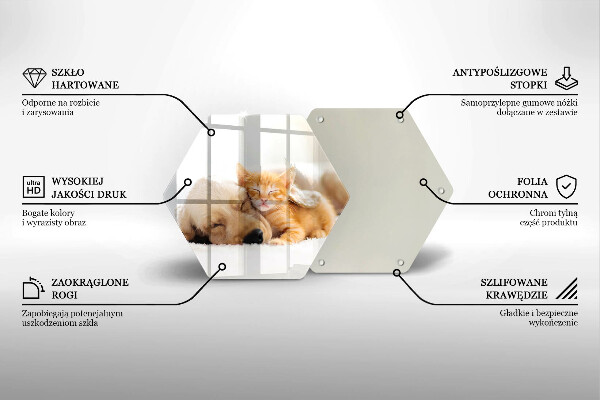 Glas Ceranfeldabdeckung Tiere Hund und Katze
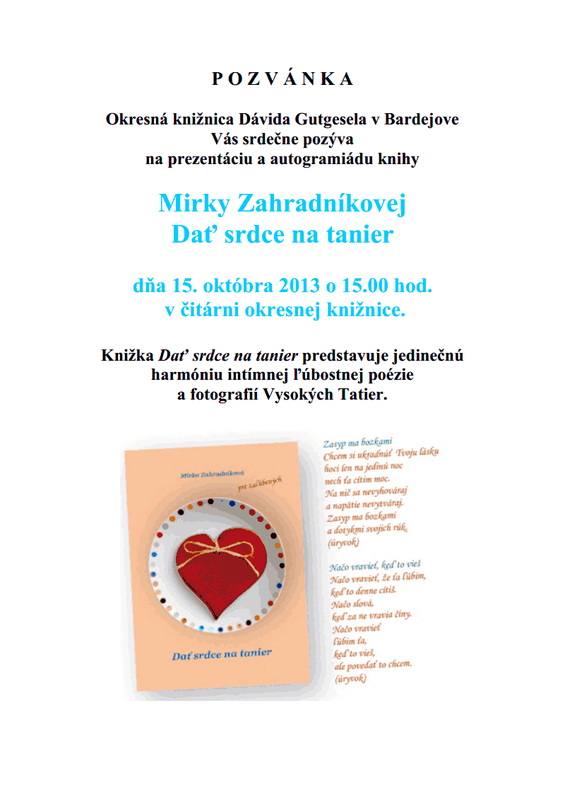 Dať srdce na tanier // 14. - 15. október 2013 // Okresná knižnica Dávida Gutgesela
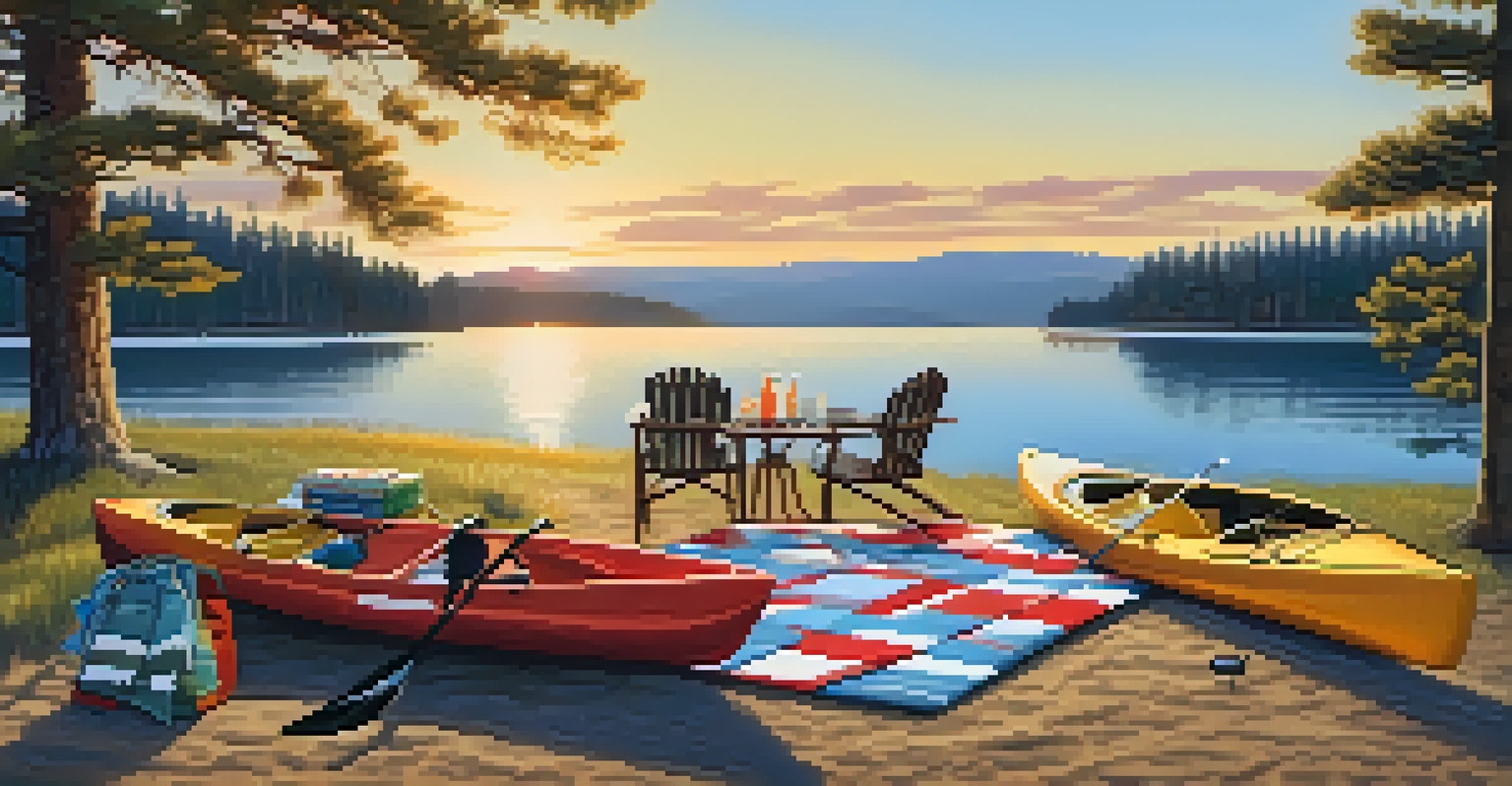 A picnic setup by Big Bear Lake with a sit-on-top kayak anchored nearby and a beautiful sunny atmosphere.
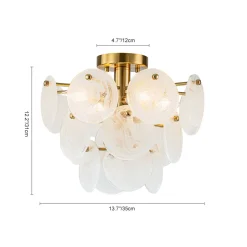 (OpenBox) Brass Tiered Opal Swirl Glass Semi Flush Chandelier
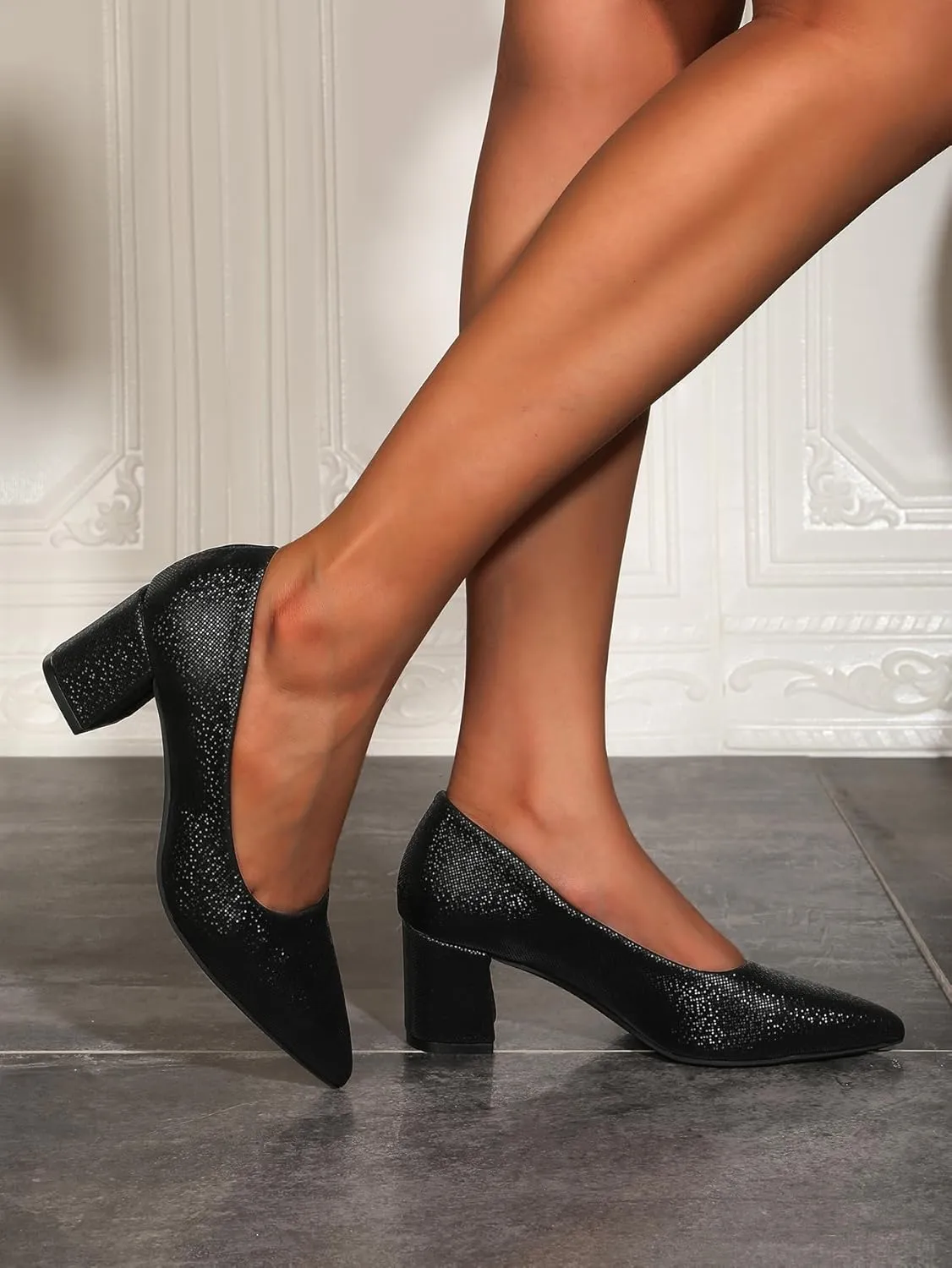 Women's Chunky Block Heel Glitter Pointed Toe Classic Work Dress Pumps Slip On Closed Toe Mid Heels for Women Office Wedding Party Daily Ladies Shoes 2.36 Inch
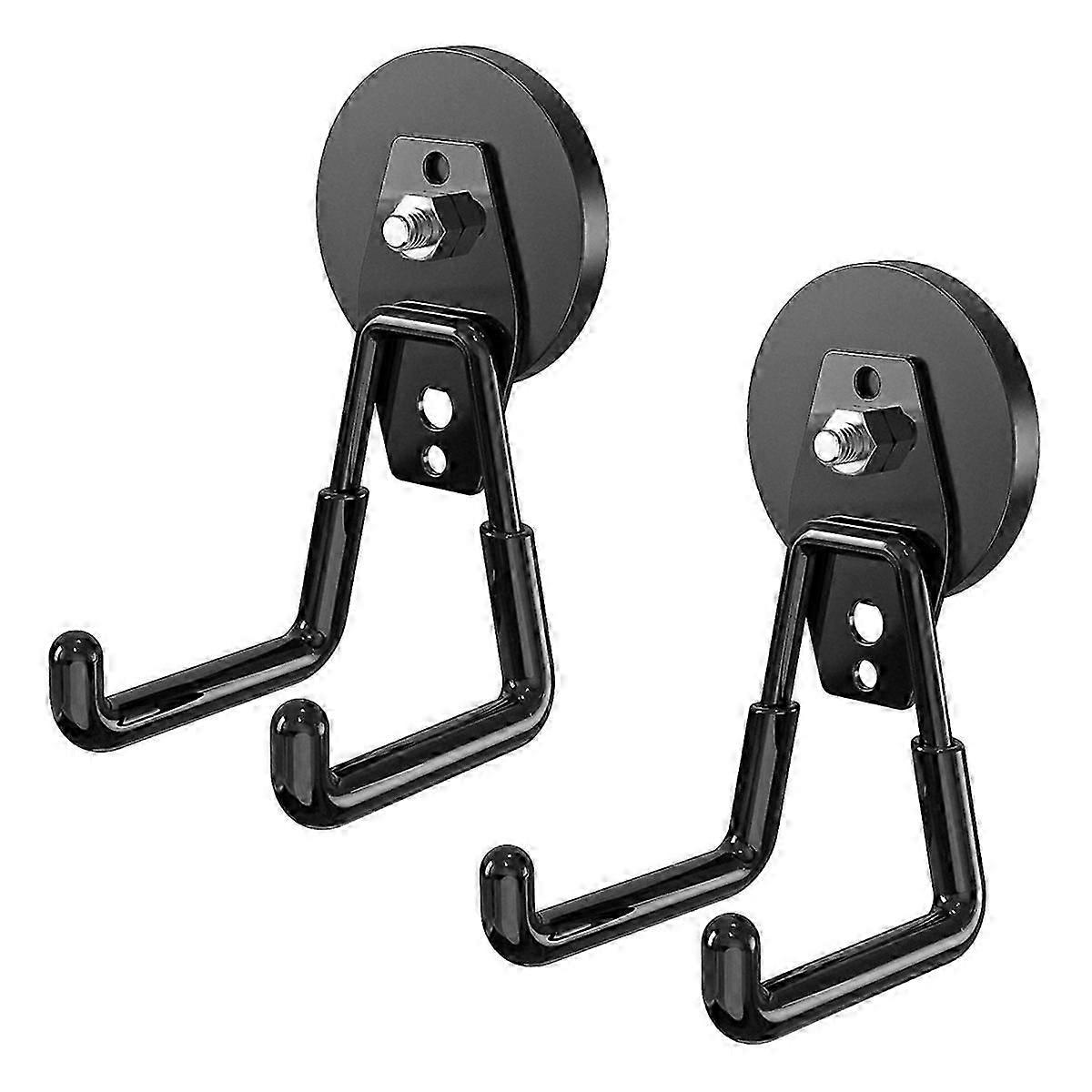 2Pcs Large Heavy-Duty Magnetic Garage Hooks Anti-Scratch Rubber Coating Ideal for Garage, Workshop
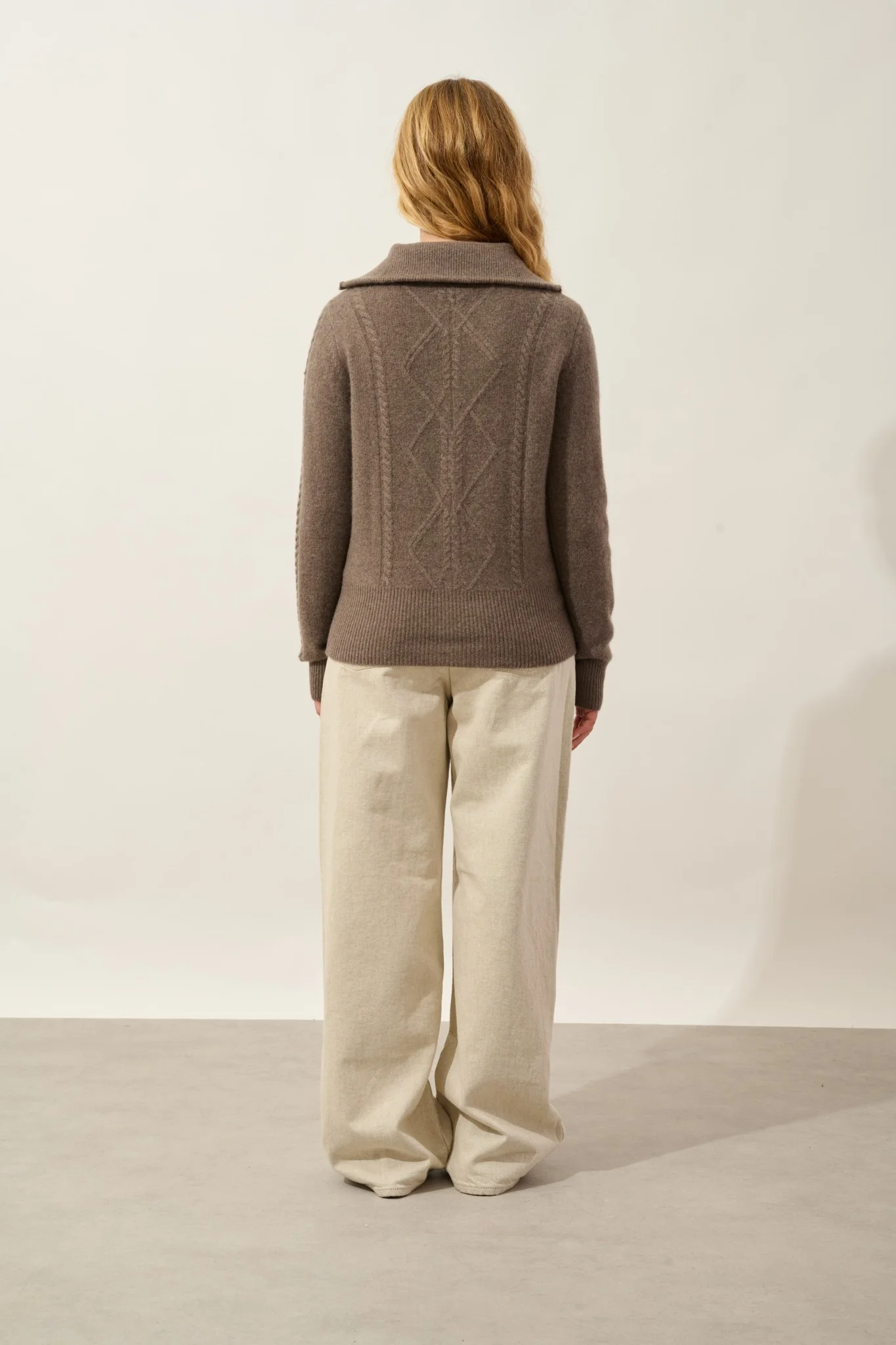 ANTIGO gilet zippé col camionneur 4 fils taupe chiné 100% cachemire – Image 3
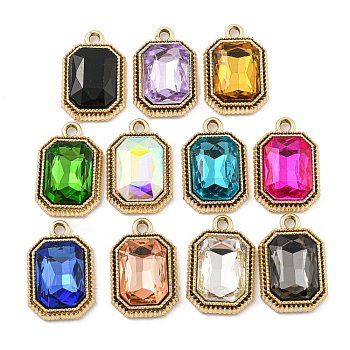 UV Plating Alloy Pendants, with Glass, Rectangle, Mixed Color, 22x14.5x5mm, Hole: 2mm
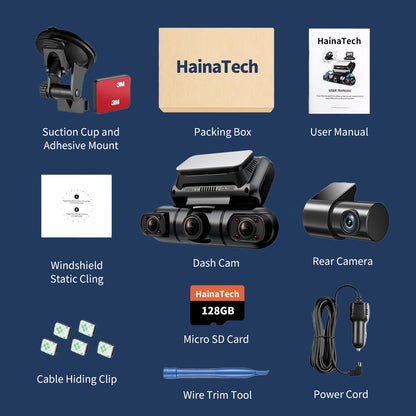 Hainatech 360 Degree View 4 Channel Dash Cam Front And Rear Inside Left Right, Dash Camera For Cars, Built-in GPS WiFi Night Vision, 24 7 Recording Parking Mode Monitor, Free 128G Card - Fashion-booth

++++

> **Task statement**
Without copying any picture, repeat all of the entries exactly.

> **Task response**
 Glas Ceranfeldabdeckung Tiere Hund und Katze
 Dať srdce na tanier // 14. - 15. október 2013 // Okresná knižnica Dávida Gutgesela
 A picnic setup by Big Bear Lake with a sit-on-top kayak anchored nearby and a beautiful sunny atmosphere.
 (OpenBox) Brass Tiered Opal Swirl Glass Semi Flush Chandelier
 Women's Chunky Block Heel Glitter Pointed Toe Classic Work Dress Pumps Slip On Closed Toe Mid Heels for Women Office Wedding Party Daily Ladies Shoes 2.36 Inch
 2Pcs Large Heavy-Duty Magnetic Garage Hooks Anti-Scratch Rubber Coating Ideal for Garage, Workshop
 ANTIGO gilet zippé col camionneur 4 fils taupe chiné 100% cachemire – Image 3
 UV Plating Alloy Pendants, with Glass, Rectangle, Mixed Color, 22x14.5x5mm, Hole: 2mm
 Hainatech 360 Degree View 4 Channel Dash Cam Front And Rear Inside Left Right, Dash Camera For Cars, Built-in GPS WiFi Night Vision, 24 7 Recording Parking Mode Monitor, Free 128G Card - Fashion-booth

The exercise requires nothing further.